§ Task goal: Everything in the listing below except the pictures should be reproduced exactly.

§ Data extract:
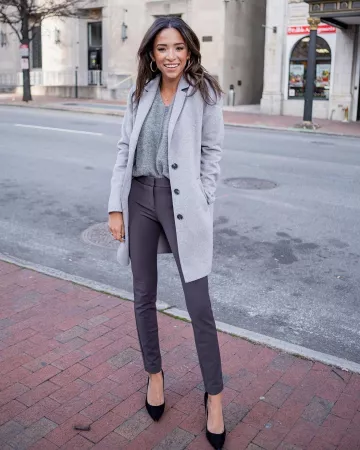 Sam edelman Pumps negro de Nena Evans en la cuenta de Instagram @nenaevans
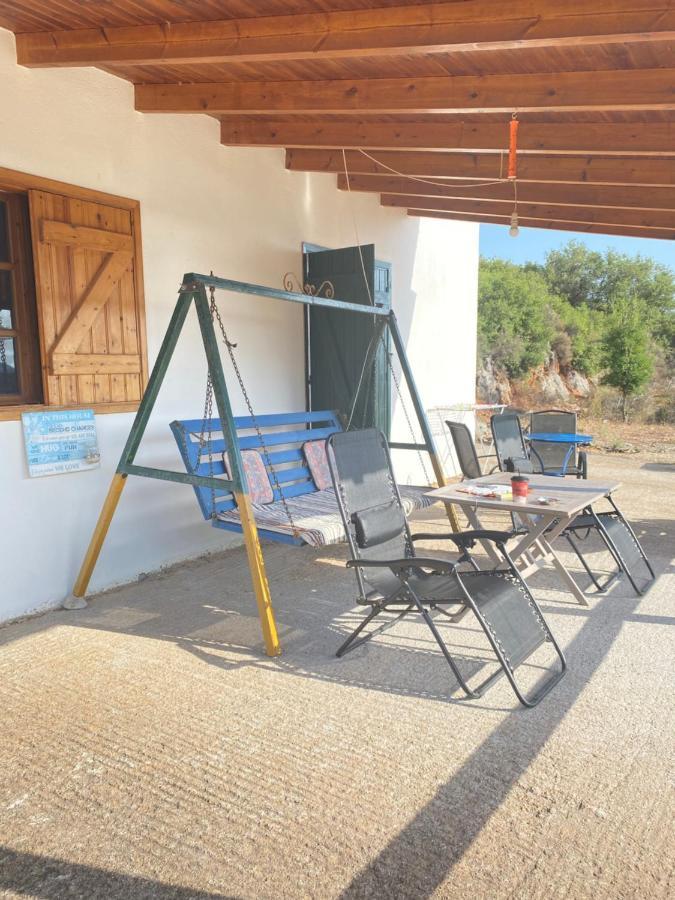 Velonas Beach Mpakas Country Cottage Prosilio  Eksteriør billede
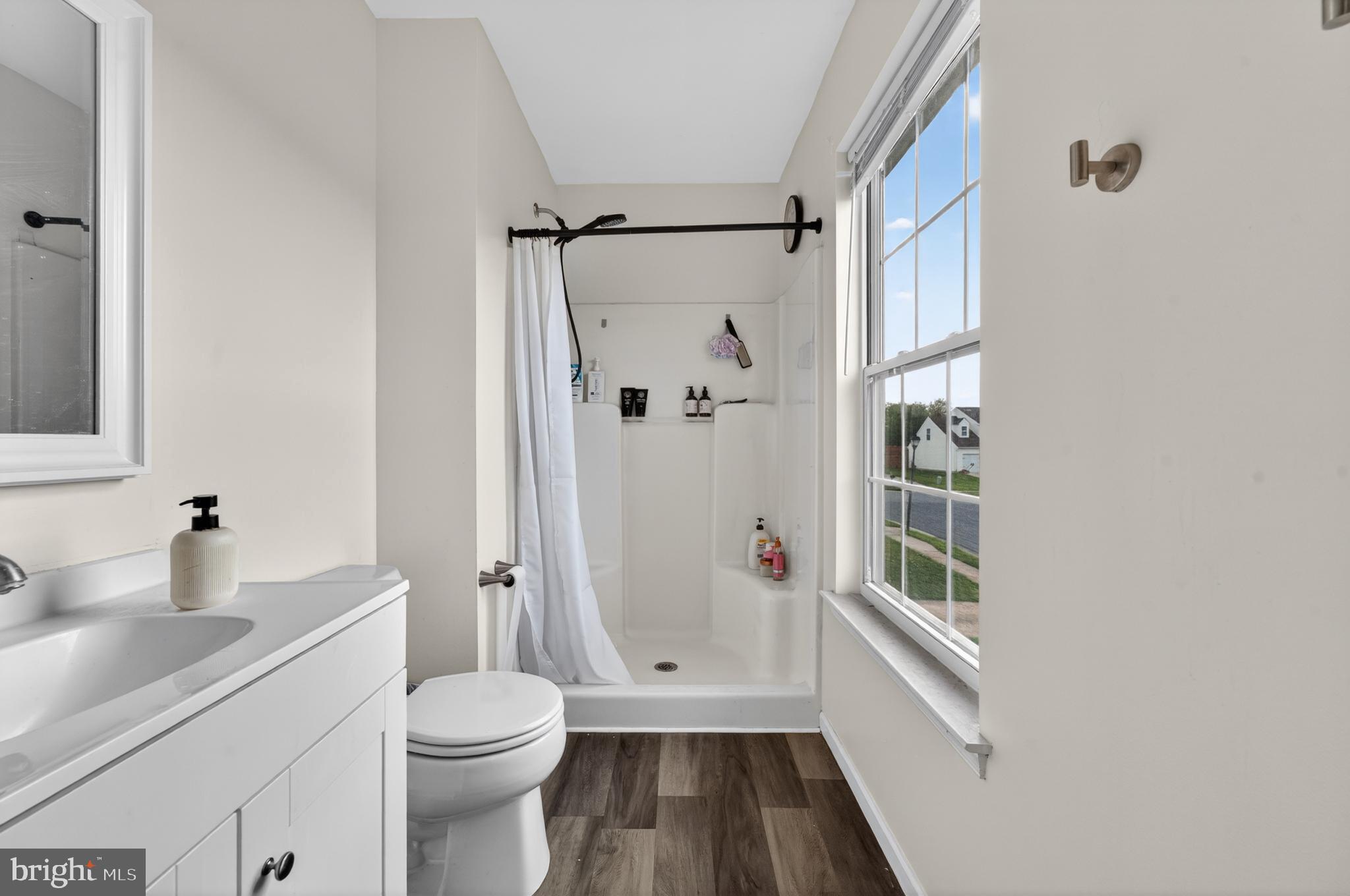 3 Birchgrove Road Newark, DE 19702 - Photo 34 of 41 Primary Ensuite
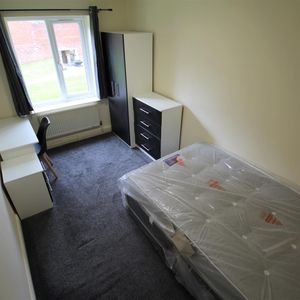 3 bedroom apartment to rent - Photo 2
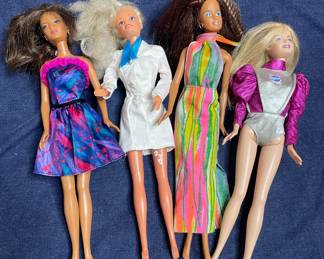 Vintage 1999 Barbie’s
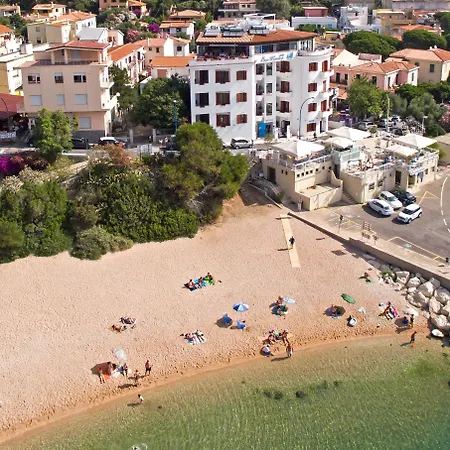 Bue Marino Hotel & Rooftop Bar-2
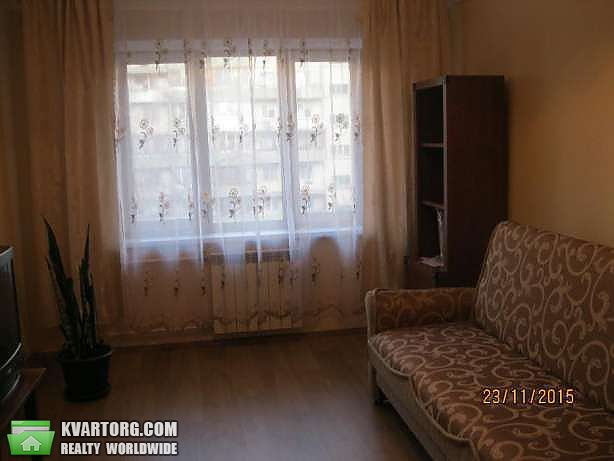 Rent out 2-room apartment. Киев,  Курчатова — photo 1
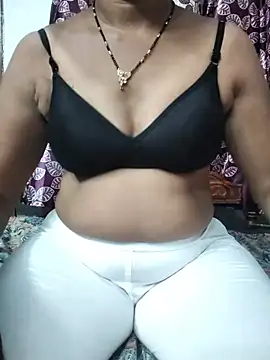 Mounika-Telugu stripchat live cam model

§ Exercise response:
 Sam edelman Pumps negro de Nena Evans en la cuenta de Instagram @nenaevans
 Velonas Beach Mpakas Country Cottage Prosilio  Eksteriør billede
 3 Birchgrove Road Newark, DE 19702 - Photo 34 of 41 Primary Ensuite
 3 bedroom apartment to rent - Photo 2
 Vintage 1999 Barbie’s
 Bue Marino Hotel & Rooftop Bar-2
 Rent out 2-room apartment. Киев,  Курчатова — photo 1
 Mounika-Telugu stripchat live cam model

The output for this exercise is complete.